КУДРЯВЦЕВ. Нет, «мы» еще не было. Наоборот в каком-то смысле. Я считаю, что первые мои стихотворные опыты, уже взрослые, состояли в попытке услышать или сформулировать новое «мы». Этому «мы» было не просто. Что отличало эту среду от всех, которые я знал потом, это ее невозможная язвительность, наверно, это было самое злое сообщество, какое я видел. Очень злое и очень дорожащее своей злобой. У меня в нем был специальный угол, в котором был Аркан и Антон (Карив и Носик). И мы втроем были как-то более защищены. И поэтому нас не воспитывали, а растили.
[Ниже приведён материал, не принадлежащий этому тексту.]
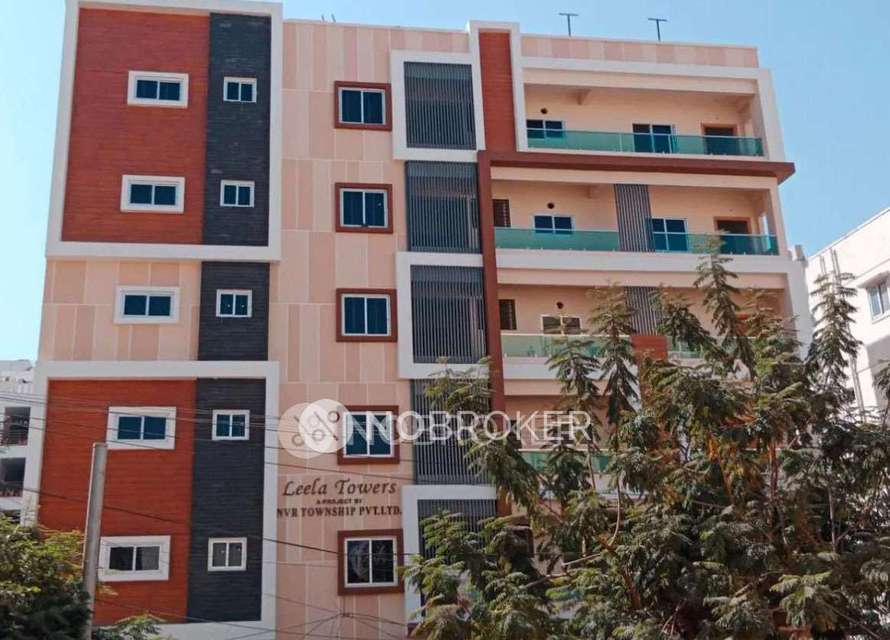 2 BHK Flat In Leela Residency  for Rent  In Bairaguguda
Там были фантастические редакторские школы, я это видел потом только в «Коммерсанте», когда редактор лучше тебя понимает, не что сделать с твоим текстом, а как вообще сделать твой текст еще до того, как он написан. Это был пик издательской активности. Мы издавали журнал «Обитаемый остров» с Сережей Шаргородским. Потом появилось «Двоеточие» у Некода и Гали-Даны Зингер. И вообще Дана Зингер, очень крупный поэт, какой мы ее знаем, она именно тогда состоялась, на мой взгляд. Самый важный год. В январе 1991-го началась война в Заливе, тогда стало понятно, что все изменилось, и мы впервые поняли, где мы живем. И из совершенно замкнутой на себе эмигрантской – не русской, не брайтонбичевской, но чисто литературной кучки начали становиться израильтянами. Это вынужденно и неизбежно прошло через отрицание советского опыта, советской и антисоветской поэзии, в частности. Мое отрицание прошло через поэтическое освобождение от того, что называлось «ленинградской школой», и, главное, от того важнейшего ленинградского представления, что стихи – это способ преобразования переживания, а переживание может быть по любому поводу. И это то, что Ленинград долго посылал посылками незнания в Израиль, но их уже никто не распечатывал на всякий случай.

ГОРАЛИК. Ты начал говорить про «становиться израильтянами, когда началась война».

КУДРЯВЦЕВ. Через дом, я жил в тот момент по дороге к автобусной станции, все время проходят люди, прощаются, а ты их впервые видишь в форме и начинаешь понимать, как это общество устроено, какая степень его готовности, что ему больно, и как следствие – «о господи, это меня касается». Ты понимаешь, что это переживают очень многие, особенно приехавшие в правильный момент, – вот это чувство уважения и понимания, и согласия с тем, как устроена здешняя жизнь, которая в каждого входит в свой черед. И становится ясно, в том числе, что вес описываемых ощущений настолько разный, что часть из них можно прекрасно не описывать. Современный русский поэт идет к сдержанности, я бы даже сказал, к молчанию, но в Израиле ты понимаешь это быстрее. Вот тогда я стал писать мало. Тогда началось принятие местного мира, и оно дало не только другую оптику, но и другой синтаксис, фонетику другую. И это действительно было освоение, то есть несентиментальное путешествие превратилось в совершенно иной опыт – при том что ты уже никуда не перемещался, ты стоял на месте. Изменение себя, способ фиксации познания – этот опыт был настолько прекрасен и настолько важен, что он в каком-то смысле сам стал ценнее места, его давшего.